The more important question, however, is why he has written the open letter in the first place. The signs are worrying.
This is because Li is no foreign executive with a big head who just wants to speak his mind. He is someone who has tiptoed through China's corridors of power for decades.
He blew no trumpets when Beijing dazzled the market with announcements of new measures to internationalise the yuan over the past three months.
But he is now speaking up. Rather than a wish list, his letter reads more like a wake-up call on the difficulties Hong Kong will face on its way to becoming an offshore yuan financial centre.
Li noted that the yuan can now flow out of and back into the mainland with little restrictions as long as they are for trade settlement purposes. However, few people or companies, especially those outside Hong Kong, are willing to take yuan as there are few investment opportunities offshore. The flows are just a trickle.
'If we see RMB flows as water and RMB products as fish, the logic will be clear. Fish do not exist where there is no water and they cannot survive if the water is stagnant. Without nutrients in the water, fish don't grow,' Li wrote.
'The nutrients, representing returns on RMB products, can only come from the home market. That's why the offshore RMB must be allowed to flow back, at least at the initial stage.'
What Li does not say is how controversial the flow back of offshore yuan can be.
So far Beijing has made two 'nutrients' boosting moves. First, foreign banks can gradually take part in the mainland interbank bond market, hoping that the higher bond yield will result in more attractive yuan products. Second, foreign yuan holders will soon be allowed to invest in the mainland stock market.
These are the relatively easy moves, politically at least. The interbank bond market is governed by the People's Bank of China (PBOC), the major supporter for yuan internationalisation. The A-share investment scheme brings money into the stagnant stock market.
Yet, their limitation in terms of liquidity and scale is obvious. For instance, the A-share investment scheme is likely to have a 20 billion yuan (HK$23.11 billion) quota and restrictions on investors exiting the market.
To get foreign investors more interested, we need products of higher return and liquidity such as the issue of yuan-denominated shares, bonds and derivatives.
On the surface, yuan-denominated share issues by mainland firms is a sensible move for all parties. The issuer sends home the proceeds in yuan instead of HK dollars. He has no exchange risk. The country suffers no increase in foreign reserves from that. The investor enjoys the liquidity of the stock, the yuan's appreciating potential and the growth of the mainland economy.
Hong Kong benefits from the robust trading of the yuan stocks. More importantly, the yuan internationalisation campaign sees not only an increasing demand for yuan overseas but the recognition of the currency as a medium of investment.

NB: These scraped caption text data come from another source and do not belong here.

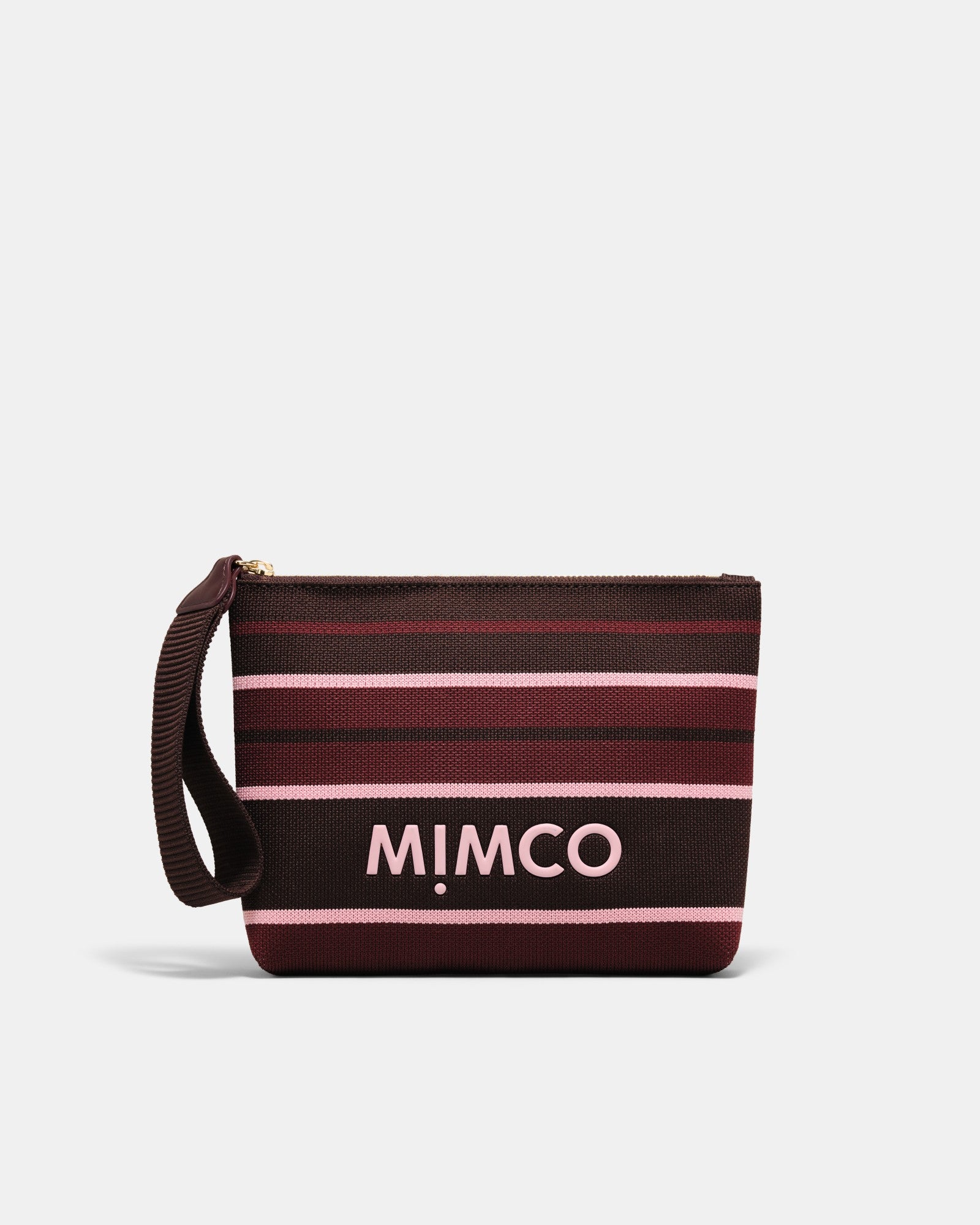 Blondie Pouch - Chocolate Stripe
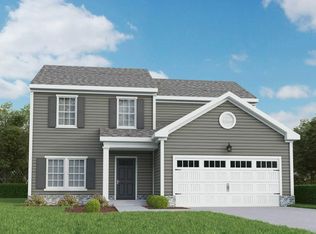 Salerno II Plan, The Vistas at Bennett's Creek Quarter, Suffolk, VA 23435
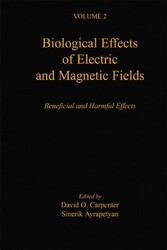 Biological Effects of Electric and Magnetic Fields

But there is a crucial twist. 'Offshore issuers of any higher-yielding RMB products need their proceeds to be able to flow back to the mainland in order to access the returns they need,' Li wrote.
'Efforts are needed to convince the policy makers to treat RMB foreign direct investment from offshore product issuers differently as the inflow itself would not create any incremental pressure on onshore foreign reserve accumulation. An entirely different regulatory regime needs to be adopted for the RMB inflow.'
To put it more bluntly, the approval process has to be simplified. That means ministries other than the PBOC have to give up some power.
In the background of this issue is the sibling rivalry between Hong Kong and Shanghai. The Hong Kong government's opposition to the introduction of an international board in Shanghai; and the 'self-interested' image of Hong Kong among many senior cadres is well known.
Opponents of these liberalisations will not be short of reasons. They can easily argue that Beijing has already done a lot in a few months and it is best to leave the market to chew on it for while.
They can argue that while Washington is talking tough on yuan appreciation, further currency liberalisation by China will be seen as kowtowing. They can even argue that it is tantamount to an opening up of the capital account.
Is Li sensing a growing hesitation if not suspicion in Beijing? Or is he sensing a loss in steam in the reform momentum generated by the earlier financial turbulence in the US and Europe and the pain heaped on China?
Is that why he has written an open letter that emphasises the strategic importance of yuan internationalisation to the country; the importance of the yuan's 'home trip' to the internationalisation; and the readiness of different measures to manage the various flows?
We have no answer to these questions as Li was unavailable to comment.
But we can be sure of one thing. If we continue to see yuan internationalisation as a distant experiment, complain about the little tangible short-term benefit and do nothing, our critics will win.
Only by recognising this as a once-in-a-lifetime opportunity, bearing the short-term cost and getting our financial systems ready, can Hong Kong stand out as a value-adding partner instead of a self-interested parasite in the eyes of Beijing.